Thailand plans new Schengen-like visa to attract tourists and boost property markets

real estate agent in Thailand

Thailand has collaborated with five neighboring countries to introduce a Schengen-style visa system, which has the potential to reshape travel dynamics across Southeast Asia. This initiative could benefit real estate investors by making regional properties more accessible and profitable.

Easing travel across borders in Southeast Asia

Thailand, along with Cambodia, Malaysia, Myanmar, Vietnam, and Laos, is advocating for a unified visa system similar to Europe’s Schengen visa. This initiative aims to simplify travel across these nations, making them more accessible to tourists. By standardizing visa terms to 90 days, the new system would allow tourists to spend extended periods in the region without the hassle of multiple visa applications. This means easier access not just for personal visits but also for potential renters seeking long-stay accommodations. For foreigners interested in investing in Thai property, this is great news as it will make the process of visiting and staying in these countries much simpler.

Boosting tourism and the property market in Thailand

Thailand is planning to introduce a new visa scheme aimed at attracting 80 million tourists by 2027. This move is essential for the country’s economy, as tourism contributes significantly to its GDP, accounting for about 12% of it. The new visa scheme aims to facilitate easier movement across borders, which is expected to result in a substantial increase in tourist numbers, leading to benefits for property owners. Investors in Thai real estate, especially in tourist hotspots, can expect to see an increase in demand for holiday homes and rental properties, providing them with a steady income stream from short-term and long-term leases.

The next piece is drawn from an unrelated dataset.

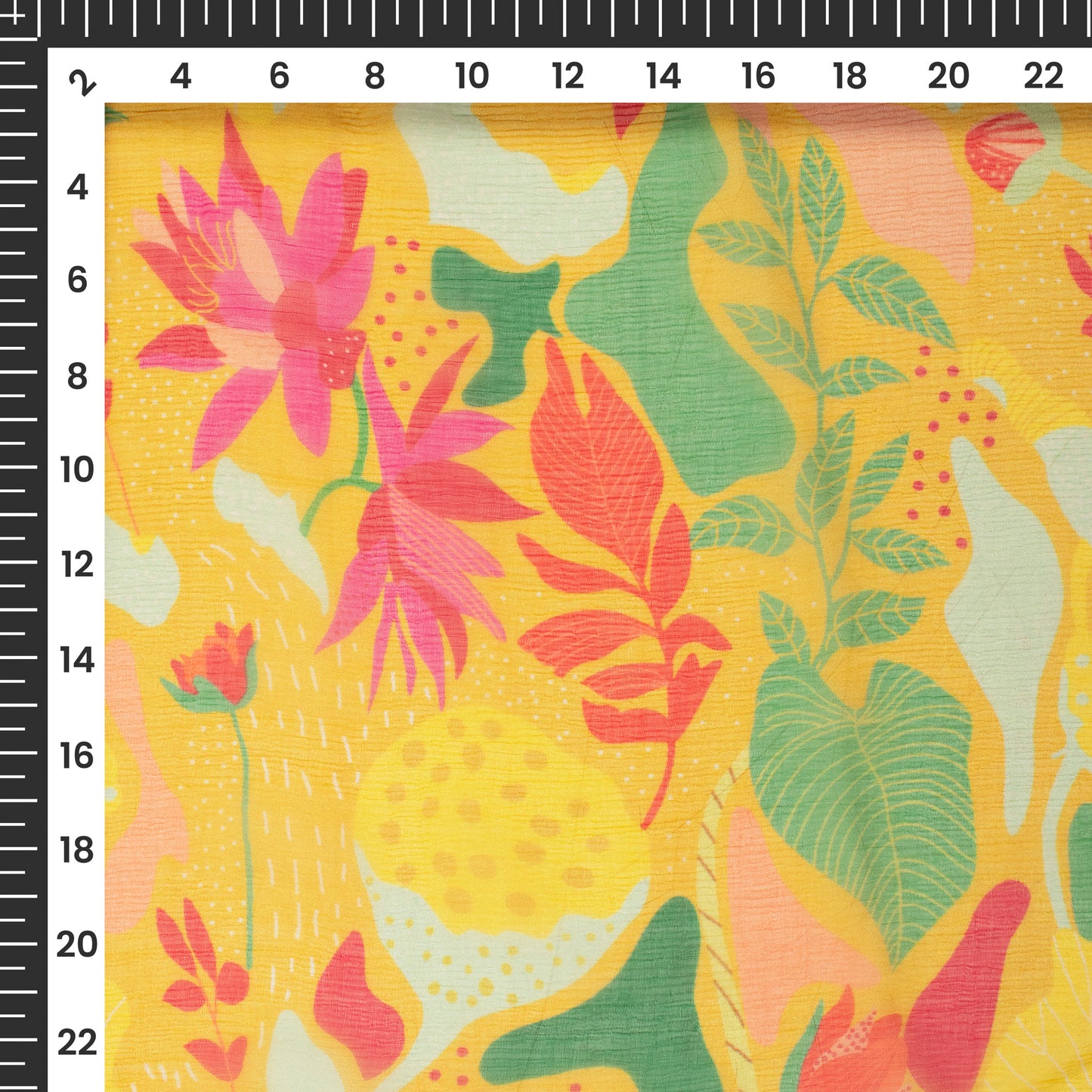 Whisper Soft Yellow Floral Digital Print Bemberg Chiffon Fabric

Navigating new opportunities amid challenges

The implementation of a visa system in Southeast Asia could be a complex process, requiring extensive negotiations and overcoming regional political hurdles. However, the long-term benefits could be substantial. Real estate investors should take note of these developments, as enhanced accessibility could lead to an increase in property values, particularly in areas close to tourist attractions and major transport links. The move towards a more integrated Southeast Asia could make regional properties more attractive to international buyers who are looking for both vacation homes and investment opportunities.

In recent times, there have been some changes made to the international visa agreements, like the mutual visa-free entry system with China and similar arrangements with India. These changes have already shown their positive impact by increasing travel, and Thailand has observed a significant rise in tourist arrivals, especially from China and India. This upward trend highlights the potential for further growth of the tourism sector and, therefore, the real estate market.